/---

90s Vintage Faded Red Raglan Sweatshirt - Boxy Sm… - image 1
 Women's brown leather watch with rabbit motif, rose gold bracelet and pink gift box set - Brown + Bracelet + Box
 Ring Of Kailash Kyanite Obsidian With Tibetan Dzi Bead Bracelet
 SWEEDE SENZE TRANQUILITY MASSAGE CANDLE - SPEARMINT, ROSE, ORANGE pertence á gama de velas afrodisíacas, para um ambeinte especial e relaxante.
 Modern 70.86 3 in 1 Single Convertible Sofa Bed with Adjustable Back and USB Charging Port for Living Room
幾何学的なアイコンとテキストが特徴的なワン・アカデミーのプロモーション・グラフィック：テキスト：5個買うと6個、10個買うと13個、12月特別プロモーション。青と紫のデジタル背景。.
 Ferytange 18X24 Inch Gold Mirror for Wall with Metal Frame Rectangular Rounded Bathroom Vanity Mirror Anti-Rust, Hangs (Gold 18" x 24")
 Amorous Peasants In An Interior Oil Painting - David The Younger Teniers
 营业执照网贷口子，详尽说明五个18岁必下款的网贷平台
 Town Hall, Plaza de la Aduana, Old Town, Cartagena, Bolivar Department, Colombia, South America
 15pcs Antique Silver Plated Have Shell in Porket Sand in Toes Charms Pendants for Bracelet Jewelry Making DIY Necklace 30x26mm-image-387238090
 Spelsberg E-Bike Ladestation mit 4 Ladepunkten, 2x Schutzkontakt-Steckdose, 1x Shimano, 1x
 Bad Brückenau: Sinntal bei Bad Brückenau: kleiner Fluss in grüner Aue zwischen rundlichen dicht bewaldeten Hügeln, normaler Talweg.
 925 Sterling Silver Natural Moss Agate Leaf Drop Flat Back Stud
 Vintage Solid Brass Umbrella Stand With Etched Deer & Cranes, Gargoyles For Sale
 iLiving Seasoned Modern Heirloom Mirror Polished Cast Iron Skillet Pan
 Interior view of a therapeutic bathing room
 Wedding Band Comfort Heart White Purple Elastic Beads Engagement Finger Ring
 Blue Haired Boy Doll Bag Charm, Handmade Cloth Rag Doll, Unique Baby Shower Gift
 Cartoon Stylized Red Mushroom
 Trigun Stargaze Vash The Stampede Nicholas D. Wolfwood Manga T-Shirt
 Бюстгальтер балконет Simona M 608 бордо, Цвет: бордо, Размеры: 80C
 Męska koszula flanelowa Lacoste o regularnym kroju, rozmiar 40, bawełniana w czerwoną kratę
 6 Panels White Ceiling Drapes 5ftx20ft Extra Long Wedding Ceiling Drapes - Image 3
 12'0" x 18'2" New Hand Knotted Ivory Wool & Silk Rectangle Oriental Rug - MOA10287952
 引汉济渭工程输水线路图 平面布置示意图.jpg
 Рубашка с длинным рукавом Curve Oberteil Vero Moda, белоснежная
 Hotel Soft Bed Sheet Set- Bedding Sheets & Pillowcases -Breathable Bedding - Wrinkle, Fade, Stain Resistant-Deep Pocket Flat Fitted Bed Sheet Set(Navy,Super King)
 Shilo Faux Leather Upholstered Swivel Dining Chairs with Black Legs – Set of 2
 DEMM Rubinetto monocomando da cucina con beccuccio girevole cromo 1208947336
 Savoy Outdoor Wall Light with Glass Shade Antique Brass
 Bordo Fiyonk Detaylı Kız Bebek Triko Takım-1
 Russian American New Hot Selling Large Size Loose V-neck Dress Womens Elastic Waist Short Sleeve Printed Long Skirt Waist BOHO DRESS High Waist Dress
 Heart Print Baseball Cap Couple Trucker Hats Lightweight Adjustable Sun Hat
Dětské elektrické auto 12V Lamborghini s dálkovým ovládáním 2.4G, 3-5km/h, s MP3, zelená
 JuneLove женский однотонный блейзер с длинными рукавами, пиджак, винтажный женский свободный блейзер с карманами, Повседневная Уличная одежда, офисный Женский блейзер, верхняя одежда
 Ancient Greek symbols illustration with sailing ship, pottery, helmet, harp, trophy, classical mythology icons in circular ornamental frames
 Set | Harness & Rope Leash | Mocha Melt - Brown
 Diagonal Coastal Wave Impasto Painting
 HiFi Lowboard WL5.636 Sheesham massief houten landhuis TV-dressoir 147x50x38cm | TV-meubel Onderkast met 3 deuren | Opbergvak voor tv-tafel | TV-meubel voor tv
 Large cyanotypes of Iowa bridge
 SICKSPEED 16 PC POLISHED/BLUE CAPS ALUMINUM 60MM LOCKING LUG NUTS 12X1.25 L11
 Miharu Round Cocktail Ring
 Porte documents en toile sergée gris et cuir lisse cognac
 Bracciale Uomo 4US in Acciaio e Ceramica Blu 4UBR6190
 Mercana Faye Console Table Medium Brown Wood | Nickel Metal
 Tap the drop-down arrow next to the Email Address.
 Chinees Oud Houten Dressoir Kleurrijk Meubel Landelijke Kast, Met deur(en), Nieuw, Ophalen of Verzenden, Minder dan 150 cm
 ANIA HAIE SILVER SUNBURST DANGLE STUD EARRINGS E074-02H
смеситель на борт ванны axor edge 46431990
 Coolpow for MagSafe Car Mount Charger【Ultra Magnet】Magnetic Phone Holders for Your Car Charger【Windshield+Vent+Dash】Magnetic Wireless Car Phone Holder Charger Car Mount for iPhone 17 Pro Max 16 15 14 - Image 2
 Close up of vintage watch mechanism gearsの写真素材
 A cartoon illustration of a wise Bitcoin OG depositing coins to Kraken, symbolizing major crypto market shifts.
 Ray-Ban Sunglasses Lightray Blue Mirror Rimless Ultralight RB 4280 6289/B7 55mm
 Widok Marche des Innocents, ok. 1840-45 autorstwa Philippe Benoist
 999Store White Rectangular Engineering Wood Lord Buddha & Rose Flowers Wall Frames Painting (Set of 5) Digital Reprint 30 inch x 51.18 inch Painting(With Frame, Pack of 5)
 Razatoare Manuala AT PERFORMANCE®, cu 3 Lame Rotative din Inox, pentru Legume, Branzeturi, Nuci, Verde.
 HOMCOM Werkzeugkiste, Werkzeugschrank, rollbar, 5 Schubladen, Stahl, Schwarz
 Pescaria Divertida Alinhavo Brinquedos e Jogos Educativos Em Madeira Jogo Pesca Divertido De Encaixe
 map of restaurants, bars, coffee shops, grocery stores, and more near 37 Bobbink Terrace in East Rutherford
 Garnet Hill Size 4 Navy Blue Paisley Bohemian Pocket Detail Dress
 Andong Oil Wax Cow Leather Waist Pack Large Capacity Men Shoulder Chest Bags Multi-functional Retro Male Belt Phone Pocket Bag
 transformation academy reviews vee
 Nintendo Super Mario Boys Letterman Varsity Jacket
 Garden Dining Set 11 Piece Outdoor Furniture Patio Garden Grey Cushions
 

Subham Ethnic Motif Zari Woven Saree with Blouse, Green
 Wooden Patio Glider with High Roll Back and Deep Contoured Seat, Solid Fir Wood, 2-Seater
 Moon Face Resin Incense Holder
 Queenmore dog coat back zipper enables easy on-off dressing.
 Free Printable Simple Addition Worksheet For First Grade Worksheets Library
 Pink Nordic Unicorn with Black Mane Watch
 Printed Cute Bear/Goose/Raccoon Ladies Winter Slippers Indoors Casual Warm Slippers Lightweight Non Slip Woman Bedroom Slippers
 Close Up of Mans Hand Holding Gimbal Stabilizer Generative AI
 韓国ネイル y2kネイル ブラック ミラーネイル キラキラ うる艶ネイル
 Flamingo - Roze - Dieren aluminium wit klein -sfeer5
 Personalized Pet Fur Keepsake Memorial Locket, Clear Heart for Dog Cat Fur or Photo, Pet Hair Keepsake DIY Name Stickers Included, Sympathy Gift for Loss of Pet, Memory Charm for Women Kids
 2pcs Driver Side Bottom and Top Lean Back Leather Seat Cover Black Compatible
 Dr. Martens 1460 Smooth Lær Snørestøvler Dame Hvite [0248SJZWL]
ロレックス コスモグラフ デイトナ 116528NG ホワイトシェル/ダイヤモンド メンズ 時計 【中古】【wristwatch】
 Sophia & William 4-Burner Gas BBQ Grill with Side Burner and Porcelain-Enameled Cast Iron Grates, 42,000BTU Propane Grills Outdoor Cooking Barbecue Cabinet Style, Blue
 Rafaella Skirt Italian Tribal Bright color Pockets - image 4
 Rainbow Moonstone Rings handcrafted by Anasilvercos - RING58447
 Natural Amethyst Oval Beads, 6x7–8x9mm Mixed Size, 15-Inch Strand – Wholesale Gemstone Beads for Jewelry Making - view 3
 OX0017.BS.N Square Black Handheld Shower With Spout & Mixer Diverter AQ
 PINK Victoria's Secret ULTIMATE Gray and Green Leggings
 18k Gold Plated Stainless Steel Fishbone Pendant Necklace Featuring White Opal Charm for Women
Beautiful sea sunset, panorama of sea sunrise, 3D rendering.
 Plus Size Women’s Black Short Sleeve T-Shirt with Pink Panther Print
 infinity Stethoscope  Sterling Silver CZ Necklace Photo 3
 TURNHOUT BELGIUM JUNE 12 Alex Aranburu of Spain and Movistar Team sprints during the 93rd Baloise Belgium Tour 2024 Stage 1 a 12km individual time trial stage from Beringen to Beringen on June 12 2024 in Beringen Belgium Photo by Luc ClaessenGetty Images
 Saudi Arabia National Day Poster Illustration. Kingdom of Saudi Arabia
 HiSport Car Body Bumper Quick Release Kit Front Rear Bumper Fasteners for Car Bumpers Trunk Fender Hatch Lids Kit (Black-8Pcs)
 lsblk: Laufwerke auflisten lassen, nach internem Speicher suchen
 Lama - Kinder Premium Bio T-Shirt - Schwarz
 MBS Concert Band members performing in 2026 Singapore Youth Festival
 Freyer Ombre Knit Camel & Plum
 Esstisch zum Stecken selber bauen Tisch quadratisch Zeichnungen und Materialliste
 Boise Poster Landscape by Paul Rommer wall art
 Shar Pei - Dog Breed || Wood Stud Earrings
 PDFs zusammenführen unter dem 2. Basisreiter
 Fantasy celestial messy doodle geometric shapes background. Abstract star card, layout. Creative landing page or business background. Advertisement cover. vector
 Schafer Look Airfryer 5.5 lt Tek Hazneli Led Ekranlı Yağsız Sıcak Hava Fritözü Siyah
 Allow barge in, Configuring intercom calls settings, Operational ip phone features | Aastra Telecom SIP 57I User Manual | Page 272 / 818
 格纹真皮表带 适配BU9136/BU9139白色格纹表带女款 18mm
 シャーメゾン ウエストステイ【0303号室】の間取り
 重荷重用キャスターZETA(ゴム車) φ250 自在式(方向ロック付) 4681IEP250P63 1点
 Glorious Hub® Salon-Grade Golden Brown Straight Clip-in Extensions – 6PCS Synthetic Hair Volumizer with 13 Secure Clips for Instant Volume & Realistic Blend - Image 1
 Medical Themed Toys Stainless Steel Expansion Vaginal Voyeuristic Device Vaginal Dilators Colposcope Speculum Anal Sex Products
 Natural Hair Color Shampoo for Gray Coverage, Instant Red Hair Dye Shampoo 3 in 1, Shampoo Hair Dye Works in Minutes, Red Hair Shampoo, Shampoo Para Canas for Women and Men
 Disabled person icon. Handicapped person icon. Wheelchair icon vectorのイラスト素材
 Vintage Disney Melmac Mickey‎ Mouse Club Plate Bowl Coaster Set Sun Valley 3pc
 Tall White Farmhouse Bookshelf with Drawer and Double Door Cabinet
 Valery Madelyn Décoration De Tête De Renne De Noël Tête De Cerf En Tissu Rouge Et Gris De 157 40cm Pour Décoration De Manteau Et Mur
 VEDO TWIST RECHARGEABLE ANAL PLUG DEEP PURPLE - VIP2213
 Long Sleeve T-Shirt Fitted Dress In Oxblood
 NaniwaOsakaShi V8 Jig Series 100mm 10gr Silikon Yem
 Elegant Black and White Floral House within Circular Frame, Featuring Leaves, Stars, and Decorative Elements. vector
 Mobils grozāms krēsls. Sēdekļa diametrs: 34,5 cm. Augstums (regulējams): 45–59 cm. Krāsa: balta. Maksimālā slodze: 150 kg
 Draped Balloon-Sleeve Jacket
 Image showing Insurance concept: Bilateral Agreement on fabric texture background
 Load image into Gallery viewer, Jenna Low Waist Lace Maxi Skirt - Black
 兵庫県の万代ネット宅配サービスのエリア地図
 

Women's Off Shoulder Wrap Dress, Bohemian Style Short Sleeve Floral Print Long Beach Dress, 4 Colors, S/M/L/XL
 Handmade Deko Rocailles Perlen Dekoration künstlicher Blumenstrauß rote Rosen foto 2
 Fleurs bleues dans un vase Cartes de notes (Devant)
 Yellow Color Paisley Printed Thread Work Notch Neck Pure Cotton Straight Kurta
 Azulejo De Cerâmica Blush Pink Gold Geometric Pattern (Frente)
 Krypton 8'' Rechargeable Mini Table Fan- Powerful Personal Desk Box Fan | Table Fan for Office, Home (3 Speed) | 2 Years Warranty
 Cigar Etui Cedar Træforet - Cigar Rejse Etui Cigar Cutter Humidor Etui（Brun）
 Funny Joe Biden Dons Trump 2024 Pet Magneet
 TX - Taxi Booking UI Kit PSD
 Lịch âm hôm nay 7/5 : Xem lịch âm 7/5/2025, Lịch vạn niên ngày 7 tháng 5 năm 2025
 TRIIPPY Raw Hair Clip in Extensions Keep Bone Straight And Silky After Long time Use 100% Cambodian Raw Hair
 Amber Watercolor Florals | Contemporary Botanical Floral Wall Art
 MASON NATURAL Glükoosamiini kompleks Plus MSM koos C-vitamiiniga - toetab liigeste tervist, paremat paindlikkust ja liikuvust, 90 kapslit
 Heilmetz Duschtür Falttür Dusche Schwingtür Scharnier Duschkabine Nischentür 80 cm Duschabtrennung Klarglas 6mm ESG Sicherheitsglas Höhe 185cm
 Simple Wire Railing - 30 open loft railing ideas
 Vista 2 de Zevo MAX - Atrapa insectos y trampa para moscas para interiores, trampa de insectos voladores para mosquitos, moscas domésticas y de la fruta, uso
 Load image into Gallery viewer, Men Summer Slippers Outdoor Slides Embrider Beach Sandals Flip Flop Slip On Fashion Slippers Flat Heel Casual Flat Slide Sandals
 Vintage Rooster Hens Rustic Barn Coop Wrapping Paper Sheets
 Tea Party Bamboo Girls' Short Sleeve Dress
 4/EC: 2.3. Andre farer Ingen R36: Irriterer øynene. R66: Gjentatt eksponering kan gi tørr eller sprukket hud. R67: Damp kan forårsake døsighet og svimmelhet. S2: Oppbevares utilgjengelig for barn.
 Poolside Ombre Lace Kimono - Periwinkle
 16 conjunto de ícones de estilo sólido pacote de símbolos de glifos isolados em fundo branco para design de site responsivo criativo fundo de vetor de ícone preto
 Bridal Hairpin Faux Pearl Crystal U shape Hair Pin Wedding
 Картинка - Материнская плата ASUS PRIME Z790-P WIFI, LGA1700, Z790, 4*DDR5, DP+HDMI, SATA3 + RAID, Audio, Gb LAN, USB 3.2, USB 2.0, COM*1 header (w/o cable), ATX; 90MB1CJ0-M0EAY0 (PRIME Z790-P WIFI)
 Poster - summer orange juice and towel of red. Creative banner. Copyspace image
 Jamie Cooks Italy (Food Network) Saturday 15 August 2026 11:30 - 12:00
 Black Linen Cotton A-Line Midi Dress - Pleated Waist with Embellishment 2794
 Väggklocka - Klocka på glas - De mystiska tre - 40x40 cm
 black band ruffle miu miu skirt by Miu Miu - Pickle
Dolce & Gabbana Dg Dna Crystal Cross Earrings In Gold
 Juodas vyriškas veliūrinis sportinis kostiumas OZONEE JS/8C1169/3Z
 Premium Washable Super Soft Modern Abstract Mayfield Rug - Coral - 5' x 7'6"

\---

◆ **Problem details**
Copy out each line of the listing that holds the string "Dining".

◆ **Exercise solution**
 Shilo Faux Leather Upholstered Swivel Dining Chairs with Black Legs – Set of 2
 Garden Dining Set 11 Piece Outdoor Furniture Patio Garden Grey Cushions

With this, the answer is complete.